The stock market had its worst day in months on Wednesday, thanks to fears around rising interest rates and dropping tech shares. The Dow Jones Industrial Average plummeted 820 points, and the dropped 3.3 percent as more than half of its stocks entered correction territory. That leaves many investors worried and wondering what to do.
During times of stress and uncertainty, Oracle of Omaha Warren Buffett recommends keeping a level head. In response to wild market fluctuations back in 2016, he told CNBC that buy-and-hold is still the best strategy.
"Don't watch the market closely," he advised those worried about their retirement savings at the time. "If they're trying to buy and sell stocks, and worry when they go down a little bit … and think they should maybe sell them when they go up, they're not going to have very good results."

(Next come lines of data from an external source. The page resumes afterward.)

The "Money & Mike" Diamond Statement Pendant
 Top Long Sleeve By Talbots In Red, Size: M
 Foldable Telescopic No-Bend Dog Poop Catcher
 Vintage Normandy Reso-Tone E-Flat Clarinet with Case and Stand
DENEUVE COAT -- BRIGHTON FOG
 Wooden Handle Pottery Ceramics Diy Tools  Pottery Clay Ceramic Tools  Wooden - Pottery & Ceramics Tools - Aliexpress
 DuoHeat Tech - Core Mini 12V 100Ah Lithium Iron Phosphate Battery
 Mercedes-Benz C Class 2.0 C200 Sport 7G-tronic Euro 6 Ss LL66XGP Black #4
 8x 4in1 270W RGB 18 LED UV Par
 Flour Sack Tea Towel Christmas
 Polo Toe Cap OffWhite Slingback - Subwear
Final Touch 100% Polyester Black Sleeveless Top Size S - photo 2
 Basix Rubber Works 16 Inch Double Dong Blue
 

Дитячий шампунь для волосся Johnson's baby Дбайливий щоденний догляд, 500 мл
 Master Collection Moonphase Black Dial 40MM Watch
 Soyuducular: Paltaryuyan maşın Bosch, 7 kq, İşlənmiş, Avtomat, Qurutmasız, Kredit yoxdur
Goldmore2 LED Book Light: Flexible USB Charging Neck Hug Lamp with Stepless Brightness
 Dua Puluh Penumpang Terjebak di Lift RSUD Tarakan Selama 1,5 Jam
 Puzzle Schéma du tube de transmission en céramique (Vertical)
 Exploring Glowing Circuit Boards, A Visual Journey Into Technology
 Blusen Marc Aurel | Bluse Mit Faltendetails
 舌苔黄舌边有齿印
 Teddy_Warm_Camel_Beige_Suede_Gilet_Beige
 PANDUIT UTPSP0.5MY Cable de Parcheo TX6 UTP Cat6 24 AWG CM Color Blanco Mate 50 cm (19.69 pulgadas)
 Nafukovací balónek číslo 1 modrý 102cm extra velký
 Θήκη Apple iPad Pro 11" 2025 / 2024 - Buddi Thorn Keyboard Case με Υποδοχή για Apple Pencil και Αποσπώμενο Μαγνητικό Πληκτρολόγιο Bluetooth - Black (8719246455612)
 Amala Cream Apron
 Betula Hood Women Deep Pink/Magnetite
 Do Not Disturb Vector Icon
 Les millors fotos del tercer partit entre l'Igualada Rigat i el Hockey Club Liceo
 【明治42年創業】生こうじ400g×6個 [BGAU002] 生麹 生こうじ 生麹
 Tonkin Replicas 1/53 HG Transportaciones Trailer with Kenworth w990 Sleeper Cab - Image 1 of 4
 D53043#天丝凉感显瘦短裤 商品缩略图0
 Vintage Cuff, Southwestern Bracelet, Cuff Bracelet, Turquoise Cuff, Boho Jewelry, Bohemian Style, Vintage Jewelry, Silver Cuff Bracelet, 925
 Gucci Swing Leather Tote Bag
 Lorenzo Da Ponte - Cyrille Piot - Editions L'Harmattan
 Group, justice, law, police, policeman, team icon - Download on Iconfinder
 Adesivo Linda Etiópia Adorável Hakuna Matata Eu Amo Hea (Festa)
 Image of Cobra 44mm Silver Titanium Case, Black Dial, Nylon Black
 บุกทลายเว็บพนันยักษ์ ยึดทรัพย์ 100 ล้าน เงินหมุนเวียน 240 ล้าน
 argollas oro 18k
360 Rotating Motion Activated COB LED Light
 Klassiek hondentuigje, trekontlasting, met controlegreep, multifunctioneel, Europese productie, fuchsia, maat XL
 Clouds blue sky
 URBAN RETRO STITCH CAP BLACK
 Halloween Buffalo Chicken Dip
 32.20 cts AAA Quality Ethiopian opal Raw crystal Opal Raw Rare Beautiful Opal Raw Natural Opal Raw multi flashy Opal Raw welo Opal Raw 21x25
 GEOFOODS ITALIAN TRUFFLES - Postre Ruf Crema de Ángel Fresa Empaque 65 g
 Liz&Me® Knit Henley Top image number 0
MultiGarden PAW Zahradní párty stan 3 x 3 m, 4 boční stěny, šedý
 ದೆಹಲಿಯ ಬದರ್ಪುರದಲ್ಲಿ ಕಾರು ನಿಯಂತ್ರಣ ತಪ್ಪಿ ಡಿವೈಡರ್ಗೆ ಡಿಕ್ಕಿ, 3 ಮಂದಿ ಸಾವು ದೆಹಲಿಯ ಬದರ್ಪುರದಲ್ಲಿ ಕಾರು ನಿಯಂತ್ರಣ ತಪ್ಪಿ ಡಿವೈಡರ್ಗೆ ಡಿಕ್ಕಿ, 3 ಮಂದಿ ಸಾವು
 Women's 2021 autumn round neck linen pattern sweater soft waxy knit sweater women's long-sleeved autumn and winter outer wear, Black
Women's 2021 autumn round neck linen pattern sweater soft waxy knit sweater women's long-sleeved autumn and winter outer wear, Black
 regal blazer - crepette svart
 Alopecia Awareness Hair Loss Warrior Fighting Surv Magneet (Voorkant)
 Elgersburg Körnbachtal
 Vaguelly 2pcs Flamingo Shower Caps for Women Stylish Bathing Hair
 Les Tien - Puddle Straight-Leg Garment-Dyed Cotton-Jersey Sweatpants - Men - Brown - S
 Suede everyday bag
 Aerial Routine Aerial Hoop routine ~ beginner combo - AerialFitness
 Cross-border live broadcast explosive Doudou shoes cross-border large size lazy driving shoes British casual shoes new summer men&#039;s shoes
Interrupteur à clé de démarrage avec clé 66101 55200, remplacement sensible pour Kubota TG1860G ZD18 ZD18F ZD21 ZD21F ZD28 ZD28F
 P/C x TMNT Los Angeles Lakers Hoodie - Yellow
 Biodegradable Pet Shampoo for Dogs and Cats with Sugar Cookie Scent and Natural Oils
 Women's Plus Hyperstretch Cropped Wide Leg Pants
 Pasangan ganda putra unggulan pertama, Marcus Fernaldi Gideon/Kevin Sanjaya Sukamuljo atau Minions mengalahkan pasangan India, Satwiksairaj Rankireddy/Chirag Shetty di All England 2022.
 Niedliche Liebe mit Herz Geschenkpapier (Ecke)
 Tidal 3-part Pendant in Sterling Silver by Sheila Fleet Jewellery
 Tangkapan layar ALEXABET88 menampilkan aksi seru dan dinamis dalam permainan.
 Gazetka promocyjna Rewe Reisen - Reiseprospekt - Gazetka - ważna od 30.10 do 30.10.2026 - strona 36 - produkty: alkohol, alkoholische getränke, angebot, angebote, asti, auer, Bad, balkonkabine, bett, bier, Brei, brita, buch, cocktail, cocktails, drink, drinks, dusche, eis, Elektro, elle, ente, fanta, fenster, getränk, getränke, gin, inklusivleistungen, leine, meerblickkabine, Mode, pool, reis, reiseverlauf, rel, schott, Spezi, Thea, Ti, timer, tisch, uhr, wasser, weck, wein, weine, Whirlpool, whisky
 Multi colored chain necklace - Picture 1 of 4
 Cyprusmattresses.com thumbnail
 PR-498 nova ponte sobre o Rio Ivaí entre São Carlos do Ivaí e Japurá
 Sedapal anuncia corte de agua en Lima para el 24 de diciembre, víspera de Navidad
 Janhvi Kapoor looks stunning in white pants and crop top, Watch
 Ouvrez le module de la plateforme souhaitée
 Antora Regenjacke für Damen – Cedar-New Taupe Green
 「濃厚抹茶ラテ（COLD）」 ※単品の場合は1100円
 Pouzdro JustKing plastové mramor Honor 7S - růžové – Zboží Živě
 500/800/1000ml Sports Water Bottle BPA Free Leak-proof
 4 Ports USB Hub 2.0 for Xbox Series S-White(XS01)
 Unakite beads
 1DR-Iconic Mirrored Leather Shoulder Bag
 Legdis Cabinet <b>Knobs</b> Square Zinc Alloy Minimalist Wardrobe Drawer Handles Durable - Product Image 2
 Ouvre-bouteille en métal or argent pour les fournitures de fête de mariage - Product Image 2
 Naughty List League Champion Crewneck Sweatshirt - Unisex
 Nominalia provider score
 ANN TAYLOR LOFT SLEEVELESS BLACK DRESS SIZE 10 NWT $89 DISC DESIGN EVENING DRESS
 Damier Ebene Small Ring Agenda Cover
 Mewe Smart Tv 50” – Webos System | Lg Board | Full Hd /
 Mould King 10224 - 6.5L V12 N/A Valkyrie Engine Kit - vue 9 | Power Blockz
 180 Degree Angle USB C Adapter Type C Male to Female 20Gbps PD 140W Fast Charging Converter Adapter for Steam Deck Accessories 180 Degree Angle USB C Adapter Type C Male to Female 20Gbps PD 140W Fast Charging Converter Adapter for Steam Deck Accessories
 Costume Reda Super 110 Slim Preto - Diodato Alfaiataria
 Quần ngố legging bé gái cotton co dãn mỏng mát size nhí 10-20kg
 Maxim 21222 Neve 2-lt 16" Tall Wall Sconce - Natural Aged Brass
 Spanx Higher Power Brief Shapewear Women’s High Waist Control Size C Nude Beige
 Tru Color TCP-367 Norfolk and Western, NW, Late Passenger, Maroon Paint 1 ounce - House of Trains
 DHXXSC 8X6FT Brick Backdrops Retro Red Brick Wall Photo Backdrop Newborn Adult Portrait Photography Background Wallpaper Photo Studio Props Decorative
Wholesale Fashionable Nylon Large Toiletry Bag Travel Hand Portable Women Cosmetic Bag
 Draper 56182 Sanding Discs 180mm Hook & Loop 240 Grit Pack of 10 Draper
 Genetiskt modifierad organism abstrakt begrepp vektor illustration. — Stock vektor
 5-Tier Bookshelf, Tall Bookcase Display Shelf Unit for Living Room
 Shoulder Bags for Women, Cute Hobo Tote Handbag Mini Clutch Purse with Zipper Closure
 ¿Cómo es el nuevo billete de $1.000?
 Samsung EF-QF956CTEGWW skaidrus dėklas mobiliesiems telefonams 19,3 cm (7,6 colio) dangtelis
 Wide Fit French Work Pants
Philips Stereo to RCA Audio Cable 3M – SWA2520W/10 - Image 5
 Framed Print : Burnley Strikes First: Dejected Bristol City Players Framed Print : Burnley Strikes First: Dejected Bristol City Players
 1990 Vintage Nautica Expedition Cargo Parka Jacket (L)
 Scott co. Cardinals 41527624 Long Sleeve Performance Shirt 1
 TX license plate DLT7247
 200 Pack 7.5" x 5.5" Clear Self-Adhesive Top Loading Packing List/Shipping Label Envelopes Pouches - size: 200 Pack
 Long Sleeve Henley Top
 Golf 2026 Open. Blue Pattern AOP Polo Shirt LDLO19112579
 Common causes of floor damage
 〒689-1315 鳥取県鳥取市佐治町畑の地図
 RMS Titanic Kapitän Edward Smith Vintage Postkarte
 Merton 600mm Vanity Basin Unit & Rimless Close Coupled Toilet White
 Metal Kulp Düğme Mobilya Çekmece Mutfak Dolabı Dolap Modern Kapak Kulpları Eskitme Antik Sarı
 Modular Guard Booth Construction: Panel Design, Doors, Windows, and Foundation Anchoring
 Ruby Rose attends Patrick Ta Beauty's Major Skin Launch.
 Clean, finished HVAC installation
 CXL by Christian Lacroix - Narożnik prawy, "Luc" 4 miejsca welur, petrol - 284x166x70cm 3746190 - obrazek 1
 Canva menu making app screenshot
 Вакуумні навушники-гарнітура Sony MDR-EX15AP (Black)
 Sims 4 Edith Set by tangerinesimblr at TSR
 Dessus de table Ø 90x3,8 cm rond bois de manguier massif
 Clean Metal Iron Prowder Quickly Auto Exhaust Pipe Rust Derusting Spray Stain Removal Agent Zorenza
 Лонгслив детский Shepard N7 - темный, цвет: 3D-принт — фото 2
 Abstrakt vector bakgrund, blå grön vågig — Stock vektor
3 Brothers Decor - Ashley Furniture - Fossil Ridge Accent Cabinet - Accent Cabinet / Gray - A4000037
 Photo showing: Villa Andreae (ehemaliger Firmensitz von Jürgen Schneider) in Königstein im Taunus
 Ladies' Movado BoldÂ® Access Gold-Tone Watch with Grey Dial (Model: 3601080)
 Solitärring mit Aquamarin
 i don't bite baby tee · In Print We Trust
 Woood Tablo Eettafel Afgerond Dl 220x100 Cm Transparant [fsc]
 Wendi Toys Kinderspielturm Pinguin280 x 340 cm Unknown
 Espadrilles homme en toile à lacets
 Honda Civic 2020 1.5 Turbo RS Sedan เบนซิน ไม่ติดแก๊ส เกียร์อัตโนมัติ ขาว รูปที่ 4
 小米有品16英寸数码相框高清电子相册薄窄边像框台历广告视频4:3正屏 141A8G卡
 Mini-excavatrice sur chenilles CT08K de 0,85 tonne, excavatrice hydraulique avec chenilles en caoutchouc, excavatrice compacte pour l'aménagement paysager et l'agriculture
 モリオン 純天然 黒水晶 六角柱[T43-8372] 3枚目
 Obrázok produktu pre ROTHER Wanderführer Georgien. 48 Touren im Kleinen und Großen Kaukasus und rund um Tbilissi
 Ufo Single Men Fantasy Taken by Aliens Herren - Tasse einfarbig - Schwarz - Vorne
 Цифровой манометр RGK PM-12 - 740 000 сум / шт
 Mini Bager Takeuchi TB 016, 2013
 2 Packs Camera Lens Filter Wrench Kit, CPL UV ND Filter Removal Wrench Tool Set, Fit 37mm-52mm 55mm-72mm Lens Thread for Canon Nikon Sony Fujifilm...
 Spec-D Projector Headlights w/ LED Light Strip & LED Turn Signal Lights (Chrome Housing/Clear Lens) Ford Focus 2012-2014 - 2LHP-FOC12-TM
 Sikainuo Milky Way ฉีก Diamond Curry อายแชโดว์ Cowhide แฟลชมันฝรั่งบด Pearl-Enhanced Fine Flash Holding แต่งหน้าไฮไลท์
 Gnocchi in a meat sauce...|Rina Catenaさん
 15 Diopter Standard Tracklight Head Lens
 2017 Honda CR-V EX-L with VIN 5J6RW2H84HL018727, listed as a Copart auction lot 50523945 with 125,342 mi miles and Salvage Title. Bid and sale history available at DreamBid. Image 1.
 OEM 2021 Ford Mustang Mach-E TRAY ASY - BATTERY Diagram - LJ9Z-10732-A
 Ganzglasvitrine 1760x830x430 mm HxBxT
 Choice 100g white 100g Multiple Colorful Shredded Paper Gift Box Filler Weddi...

Though any losses are unsettling after 2017, the first year in history where the S&P 500 showed gains every month, Nick Holeman, a CFP at Betterment, agrees that during a normal market sell-off, you shouldn't panic.
He tells CNBC Make It that he recommends investors "get ice cream with their kids and say hi to a friend they haven't spoken with in a while."
"As long as you are invested appropriately for your goals, stay away from your investment portfolio," he says.
That said, if the drop does turn out to be prolonged, things get more complicated. Holeman recommends that investors be sure to re-balance their portfolios. "When market volatility picks up, your portfolio can get unbalanced, which means you may be taking more or less risk than you think."
He also advises tax loss harvesting, "a time-tested strategy that uses market losses to help save taxes." It entails selling an investment in order to generate a loss that will ultimately maximize your tax-return.
For now, however, amid what looks to be a normal sell-off, the consensus is that you should not make any rash decisions.